WHAT TO WORK ON: For this exercise, reproduce the entries below exactly, but only from the line containing "In Deutschland wird" through the line containing "Prep Men's Plaid", both included.

RECORD SET:
++++++++++
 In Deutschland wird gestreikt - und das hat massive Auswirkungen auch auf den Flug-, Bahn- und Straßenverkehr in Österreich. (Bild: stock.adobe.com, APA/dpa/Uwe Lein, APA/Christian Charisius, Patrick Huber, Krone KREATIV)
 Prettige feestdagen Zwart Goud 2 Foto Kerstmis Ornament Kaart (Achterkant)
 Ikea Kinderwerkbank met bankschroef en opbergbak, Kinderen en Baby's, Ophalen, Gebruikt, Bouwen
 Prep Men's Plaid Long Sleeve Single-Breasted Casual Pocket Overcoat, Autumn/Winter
++++++++++
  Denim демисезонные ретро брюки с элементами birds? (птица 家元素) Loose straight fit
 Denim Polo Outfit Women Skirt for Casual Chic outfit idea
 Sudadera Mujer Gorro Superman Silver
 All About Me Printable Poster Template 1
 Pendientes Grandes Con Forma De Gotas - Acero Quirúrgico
++++++++++
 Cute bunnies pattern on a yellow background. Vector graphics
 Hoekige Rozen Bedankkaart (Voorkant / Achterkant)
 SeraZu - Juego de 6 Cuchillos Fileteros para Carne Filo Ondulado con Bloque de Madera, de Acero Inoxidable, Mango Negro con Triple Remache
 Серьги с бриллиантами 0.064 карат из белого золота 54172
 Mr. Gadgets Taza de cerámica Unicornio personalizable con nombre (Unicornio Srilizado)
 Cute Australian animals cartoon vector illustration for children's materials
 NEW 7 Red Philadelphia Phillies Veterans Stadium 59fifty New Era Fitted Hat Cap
++++++++++
WRITTEN ANSWER:
 In Deutschland wird gestreikt - und das hat massive Auswirkungen auch auf den Flug-, Bahn- und Straßenverkehr in Österreich. (Bild: stock.adobe.com, APA/dpa/Uwe Lein, APA/Christian Charisius, Patrick Huber, Krone KREATIV)
 Prettige feestdagen Zwart Goud 2 Foto Kerstmis Ornament Kaart (Achterkant)
 Ikea Kinderwerkbank met bankschroef en opbergbak, Kinderen en Baby's, Ophalen, Gebruikt, Bouwen
 Prep Men's Plaid Long Sleeve Single-Breasted Casual Pocket Overcoat, Autumn/Winter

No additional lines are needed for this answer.